# Completed the work on this stick



## CV3 (Jan 30, 2014)

I added bear tracks just below the grip. I have applied the first coat of Odies “super-duper oil’. I am a bit disappointed right now. Based on the instruction, which I followed to the letter, it should have been ready for a second coat after 24 hr’s. however, it wasn’t. Looks like it could take a few days to cure. I use this because it was said to be a fasted cure than tung oil and I am on the clock to deliver it. 



















.


----------



## Slow Turtle (8 mo ago)

That is awesome, so much skilled work.


----------



## valky307 (Nov 23, 2021)

Such a talent of skill and perfection! I now hesitate to post my crude haphazard sticks!
You are a true artesian my friend!👑


----------



## CV3 (Jan 30, 2014)

valky307 said:


> Such a talent of skill and perfection! I now hesitate to post my crude haphazard sticks!
> You are a true artesian my friend!👑


Valky307 if you had see the sticks I did the first year or so l started doing them you would laugh out loud. We are all new at first. Just jump in. Get suggestions if you need them. I have been playing wit this for about 30 years. But did not really get in to it until about 10 years ago. Once you get going you will be supersize how fast it will come!!


----------



## valky307 (Nov 23, 2021)

Well, as long as I enjoy this hobby I'll march on.
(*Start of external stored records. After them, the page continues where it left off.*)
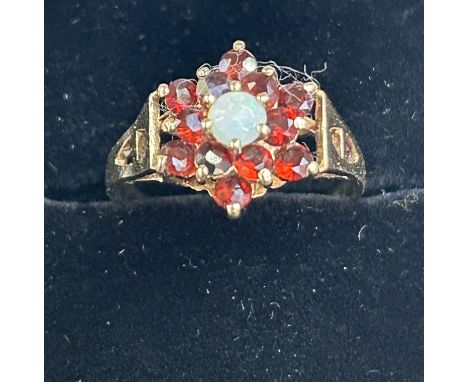 9ct Gold ring set with garnets cluster & central opal Size K.5 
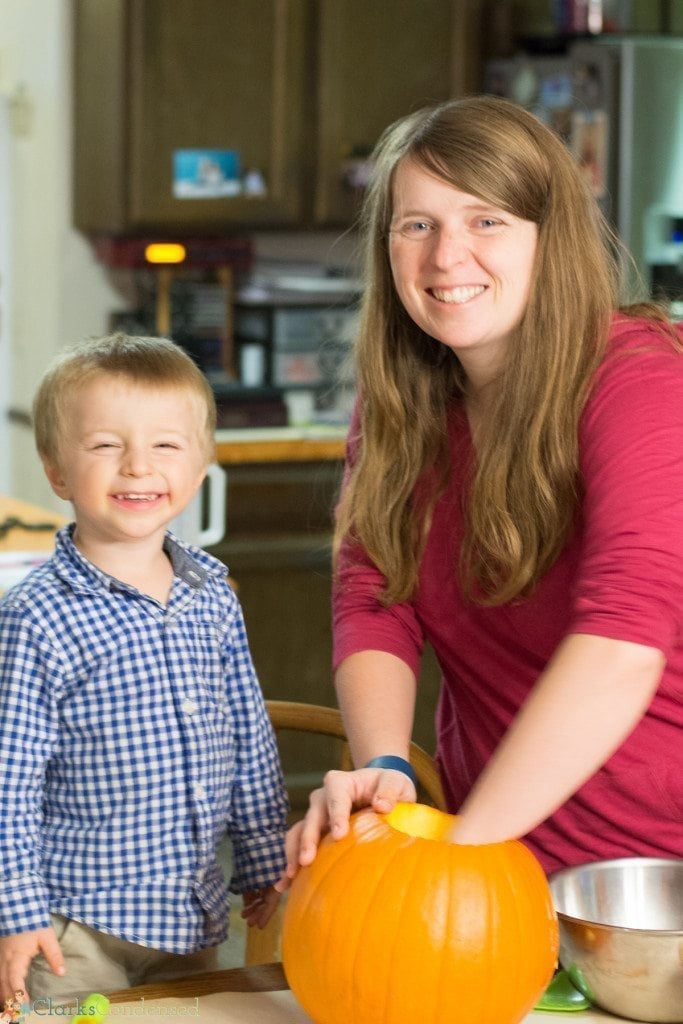 mother and son pumpkin carving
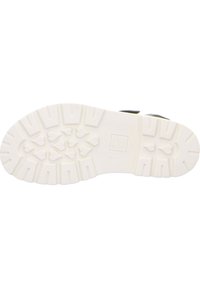 Podešev boty v bílé gumě s texturovaným vzorkem obsahujícím srdíčkové motivy, navržená pro přilnavost a odolnost.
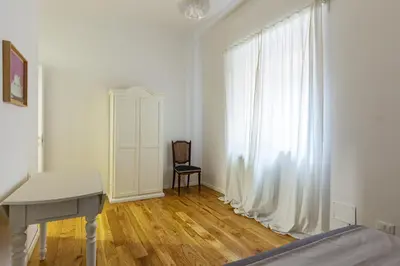 a bedroom with a bed and a desk and a window at Casetta Allegra in Palermo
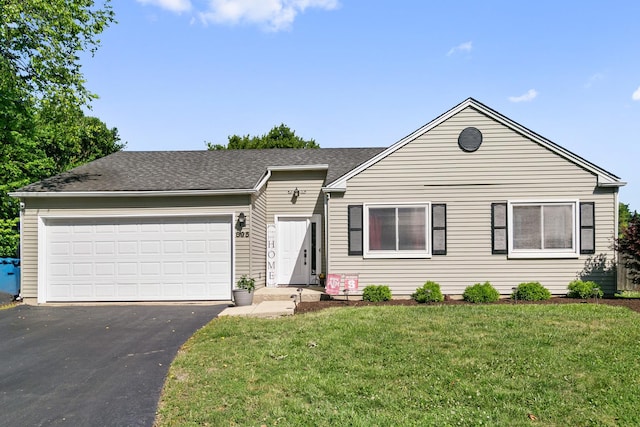 895 Fieldside Ln, Aurora, IL 60504 - ranch-style home featuring asphalt driveway, a front yard, an attached garage, and a shingled roof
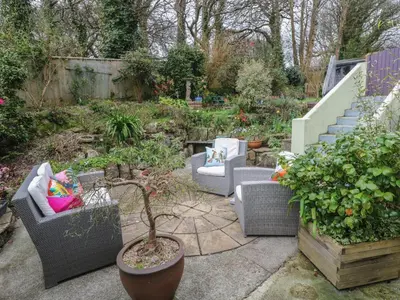 a garden with couches and chairs and a staircase at Ty Metheven in Camborne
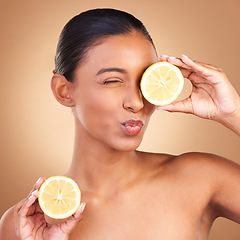 Image showing Indian woman, skincare and lemon in studio with health, wellness or fruit treatment by brown background. Asian model girl, young and happy with organic citrus fruits for health, cosmetic or skin glow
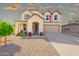 Charming two-story home featuring a well-manicured front yard and traditional design elements at 17722 N 183Rd Ave, Surprise, AZ 85374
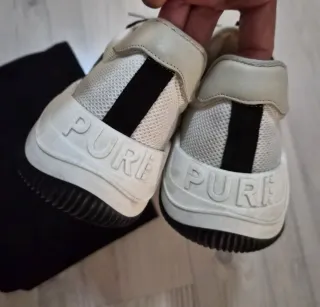 Zapatillas Purificación Garcia blancas y negras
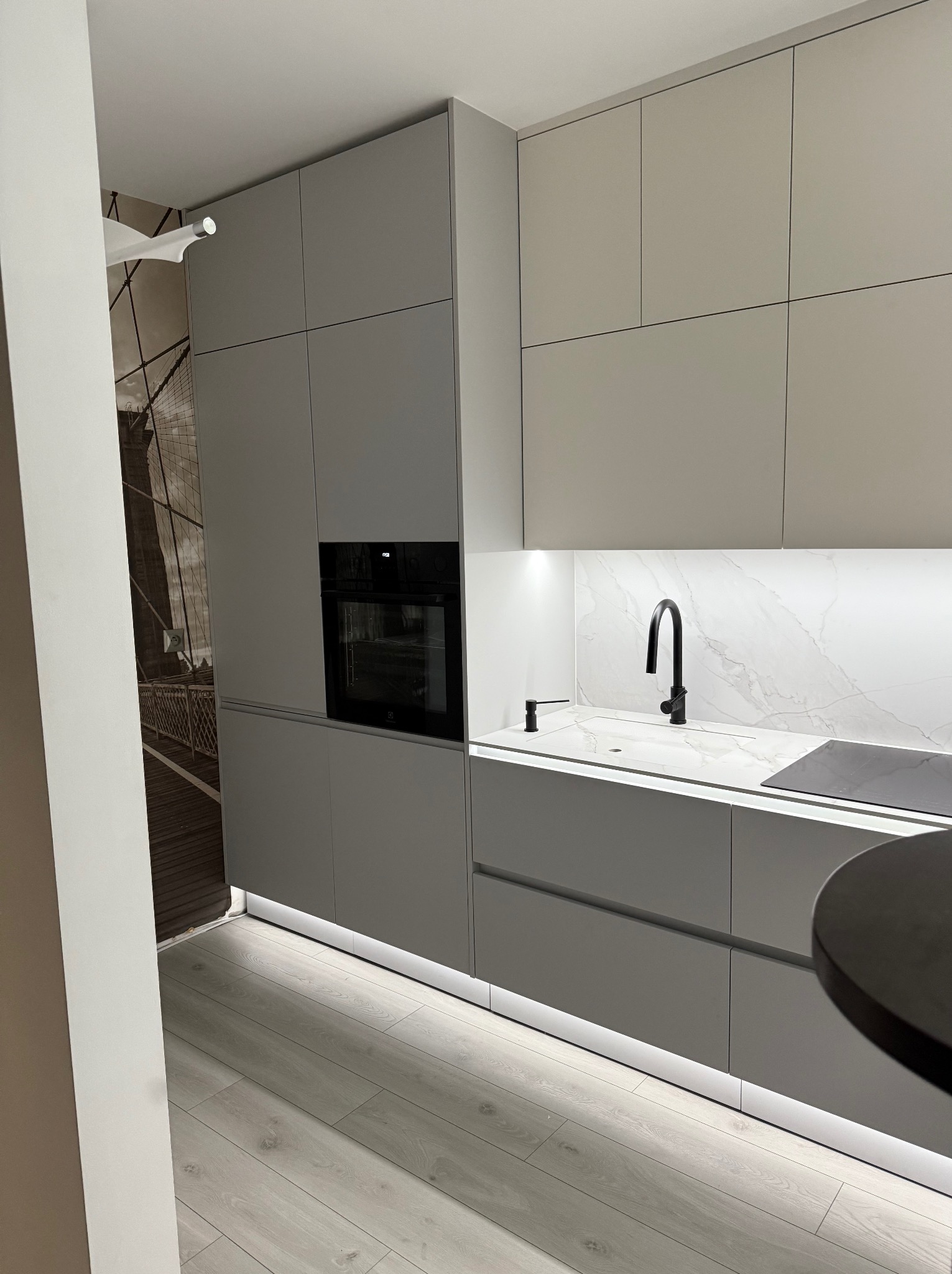 Nowoczesna, szara kuchnia z podświetleniem LED pod szafkami, czarną armaturą i piekarnikiem w zabudowie, z tapetą przedstawiającą most w tle.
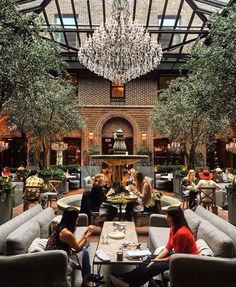 people are sitting at tables in the middle of a large room with chandelier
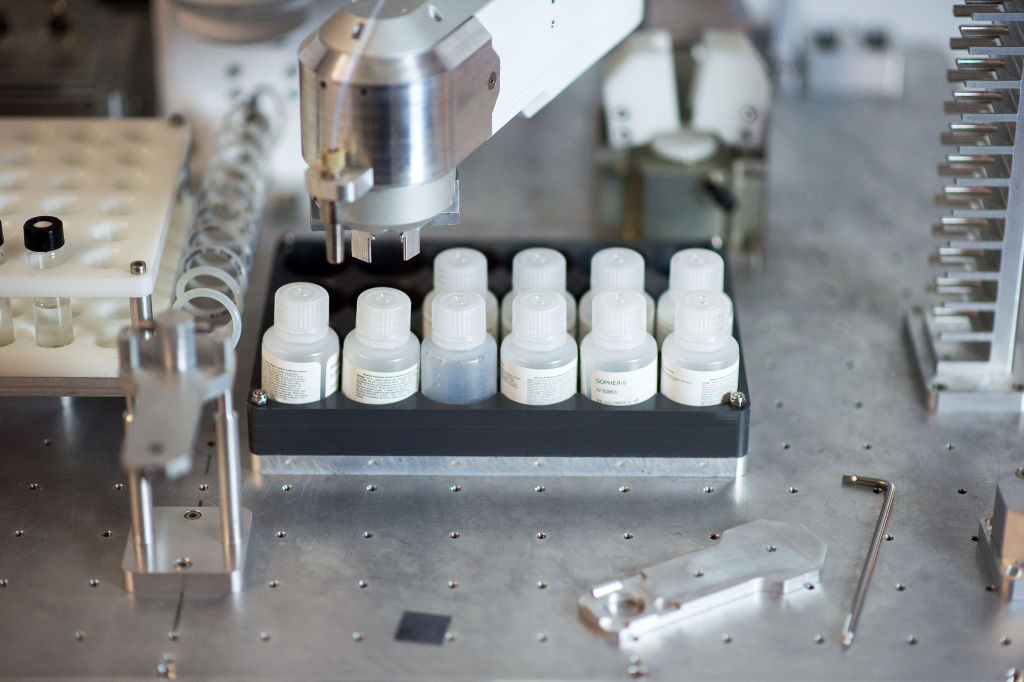 A robot arm moving vials in a drug research lab.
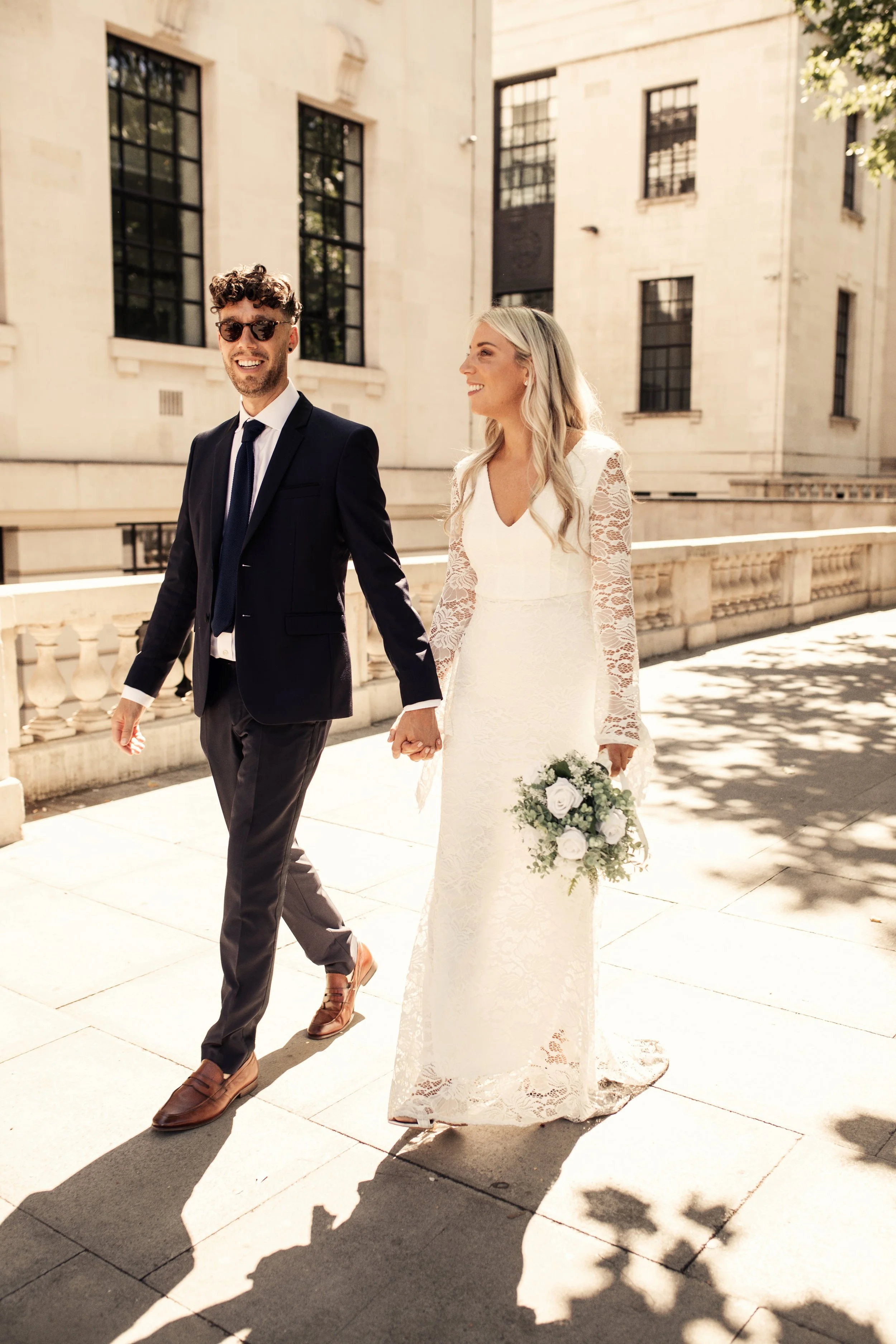 Bride and groom walking in the sunshine, hand in hand, outside Marylebone Town Hall after their wedding.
Right now I'll stick with the more simple ones. 
For many years I was a technical illustrator and got my fill of detailed artwork.
Nowadays less it more enjoyable.


----------



## dww2 (Feb 4, 2017)

Turned out great, Randy. Love the bear tracks. Is it really humid down where you are? I wonder if that is slowing the drying time.


----------



## CV3 (Jan 30, 2014)

dww2 said:


> Turned out great, Randy. Love the bear tracks. Is it really humid down where you are? I wonder if that is slowing the drying time.


It could be Dww2. But befor I tried this I caled and ask about drying time and the effect humidity could have. Iwas told it did not but I am not so sure. I wll let dry for another day or two and hope I can finish it with some spar varnish.


----------



## Yucca (1 mo ago)

Awesome!


----------